Wrote most of this around July 2012 or so. Sort of lost interest in it, not sure where I was going, and I think I was mostly jumping into the middle of a heated conversation that happened without me. Some of the ideas and wording I don't agree with and some of it I feel even stronger on. I still think there is space for an IWW centered critique/pushback of political organization (socialist or anarchist), though.

Intro

Recently, I wrote a pretty short blogpost, listing some of the problems in current anarchist political organization in the United States. These things could just be inherent to formal political organization in general, but I don’t know. Most of it was based on conversations had with some members of Wild Rose Collective during the time I was a member. Some of it also came from discussions with former members of the Workers Solidarity Alliance, of which I am also a former member. Because of where it comes from, the blogpost can be seen in two ways; either ‘It’s time to get actually serious.’ or ‘Formal political organization isn’t useful’. Personal preferences sway me to the latter, although ‘isn’t useful’ is a pretty strong assessment. Some comrades know my sympathies to lie with the latter, and part of their response has included contesting the admittedly vague alternative indicated.

In the discussions and comments that have branched off ‘Fragmented’, I’ve come to a better understanding of what I’m both for and against. While still somewhat vague and maybe contradictory in places, it’s enough to continue the discussion, which in itself is useful.

This is intended as a critique of formal political organization as a useful project for anarchists and communists in the United States right now. It’s based on personal experience in the milieu, conversations with other comrades formerly in them and/or just thinking about this stuff on my own. This is not intended to be sectarian, offensive or insulting, nor do I aim to sabotage people’s efforts, burn bridges, hurt feelings or ‘one-up’ anyone. In the last 13 years or so, dozens of groups have popped up with strong sounding statements largely directed at those who don’t engage in formal political organization or find that type of effort worth it. Some of this has been directed at groupings or currents seen as too disorganized, undisciplined or too ‘ultraleft, whether that means insurrectionary anarchists, primitivists, anarcho-syndicalists or whatever variety of communist. Very rarely has there been much of a worthwhile response.

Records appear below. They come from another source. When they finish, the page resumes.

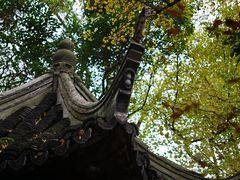 -秋霞圃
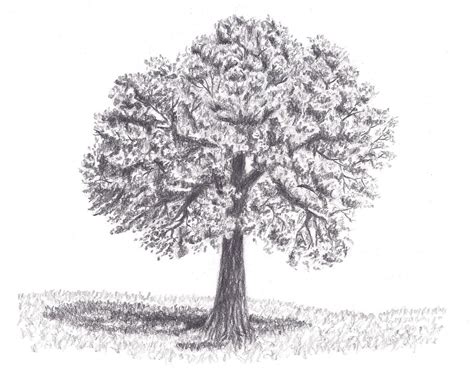 A Leafy Tree Drawing Easy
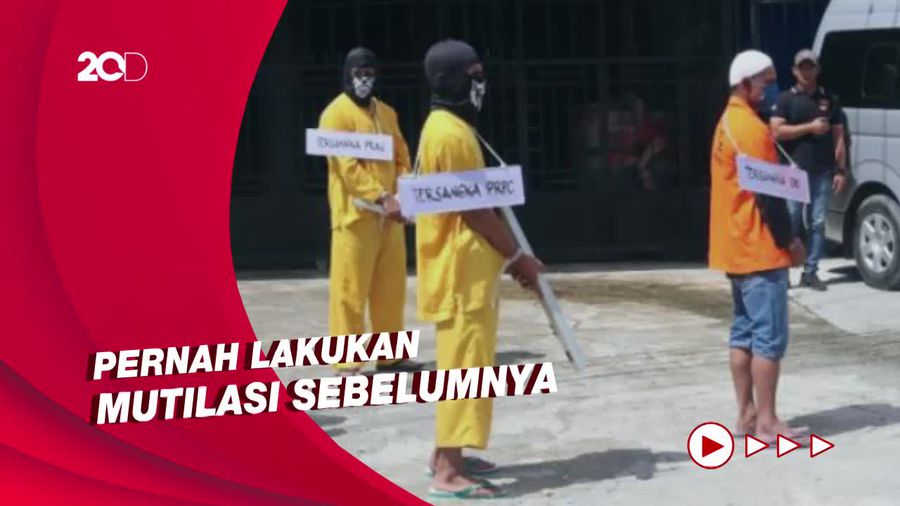 Komnas HAM Duga Pelaku Mutilasi di Mimika Sudah Berpengalaman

Mostly any response comes as sniping comments on a website or from the formerly more common‘post-leftist’ perspective.

In addition, those of us from the milieu who may have a critique that speaks the language of the formal political organizations mostly keep silent and don’t write them out of a fear of making people they respect become mad or offended. The defensiveness is understandable if one remembers the uncomradely and hostile tone from certain camps during the formation of NEFAC in the early 2000s. It’s understandable, but unfortunate.

Points

-The need and usefulness of political organization is directly tied to the existence of fighting organs of the class. If they do not exist, it is the task of ‘pro-revolutionaries’ to build them. But build what kind?

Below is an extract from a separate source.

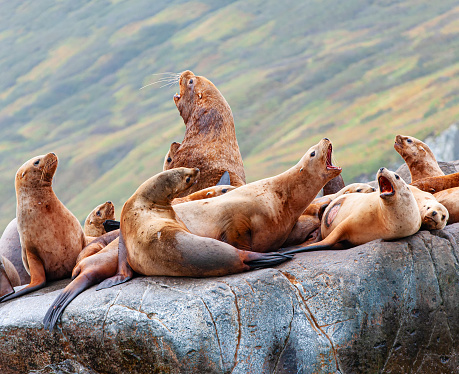 The Steller Sea Lion (Eumetopias jubatus) on rock in Kamchatka peninsula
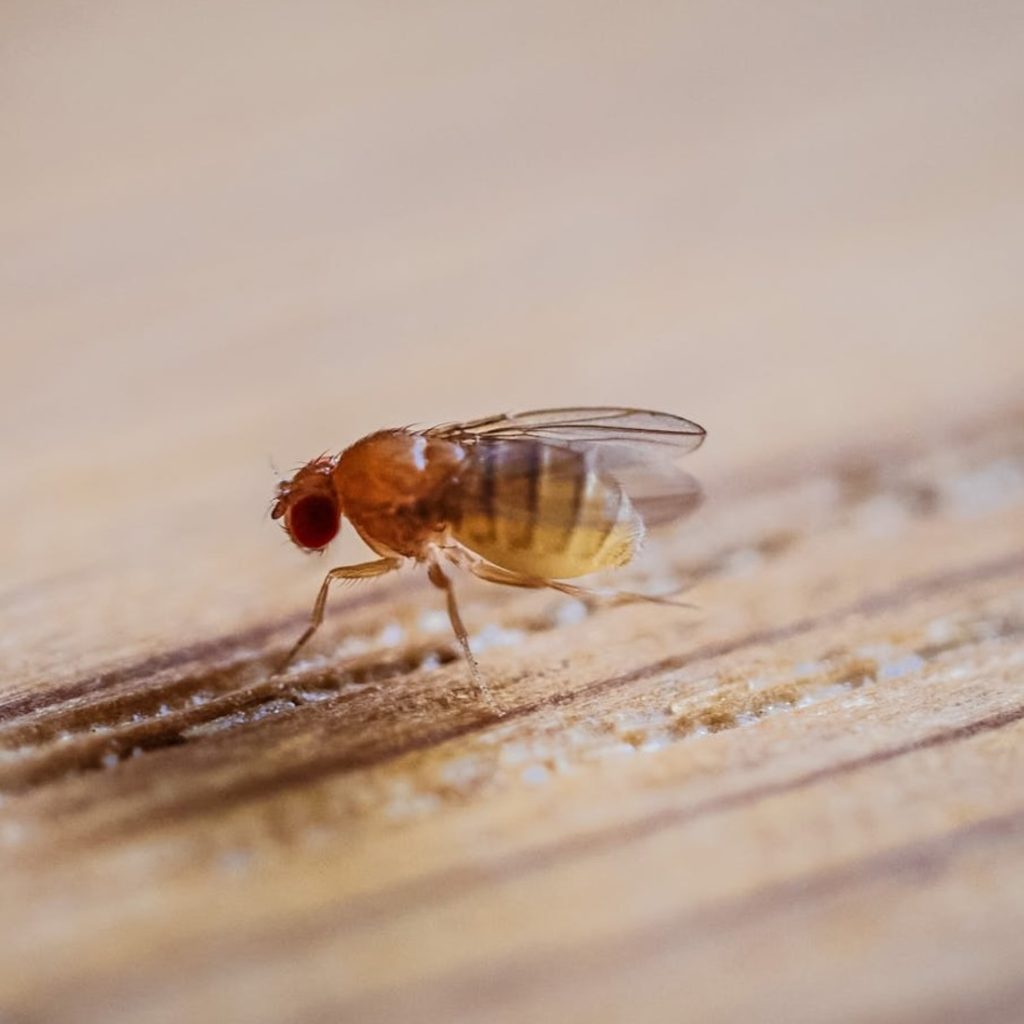 Fruit fly on wood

Because most of the documents and groups the POs are influenced from were written at a time of intense struggle, with large mass movements or organizations already existing, the interpretation expresses itself as looking at already existing mass organizations and advocating involvement. However, besides spurts of movements here and there, there are little to speak of. The ones that do exist are so intertwined with the state, capital or non-profit industrial complex as to make them virtually immovable when it comes to pushing them be combative organs of the class with the potential for communist content.

-Political organization has not been shown to assist much with the building of these formations and when they do, the time and energy associated with being involved in a political organization interferes with participating in the building of these formations.

-A sometimes stated purpose and function of political organizations is being the ‘memory of the class’. However, this can be accomplished with publications and blogs, which do not have attached to them large amounts of internal processes, structure, etc that can be a hindrance to building previously mentioned formations.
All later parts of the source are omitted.